Restate the data below word for word. Skip any images it contains.
Dataset extract below:
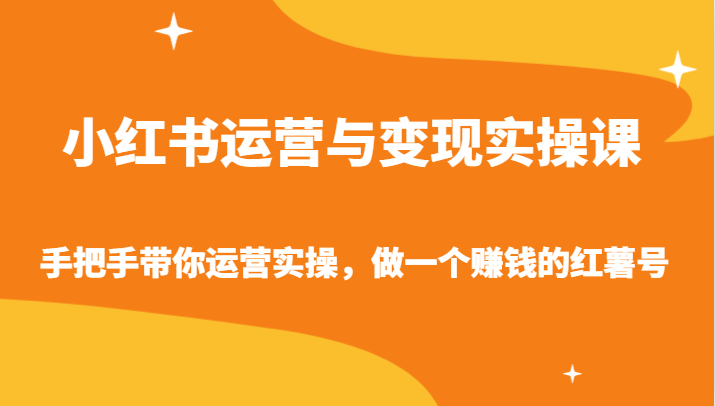 小红书运营与变现实操课-手把手带你运营实操，做一个赚钱的红薯号-紫爵资源库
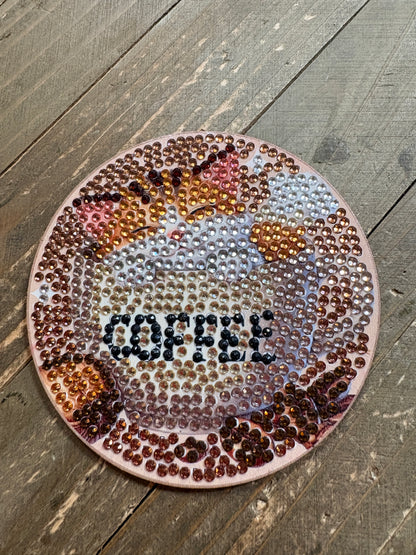 Kitty + Coffee Diamond Art Coaster Set (Set of 8)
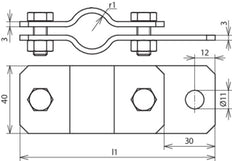 Dehn Earthing Pipe Clamp D17mm With Bore D11mm St Tzn - 410038
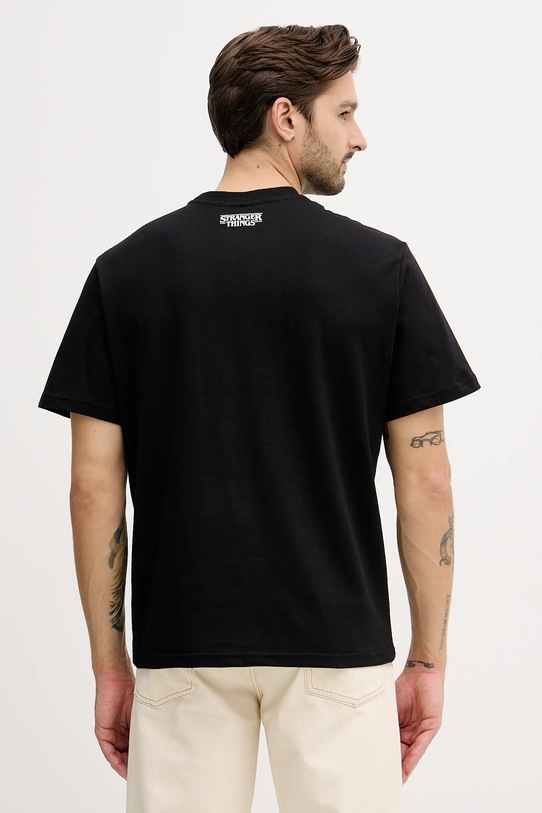 Odzież United Colors of Benetton t-shirt bawełniany x Stranger Things 3BL0U10BB czarny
End of Dataset extract.
• [Solution]
 小红书运营与变现实操课-手把手带你运营实操，做一个赚钱的红薯号-紫爵资源库
 Kitty + Coffee Diamond Art Coaster Set (Set of 8)
 Dehn Earthing Pipe Clamp D17mm With Bore D11mm St Tzn - 410038
 Odzież United Colors of Benetton t-shirt bawełniany x Stranger Things 3BL0U10BB czarny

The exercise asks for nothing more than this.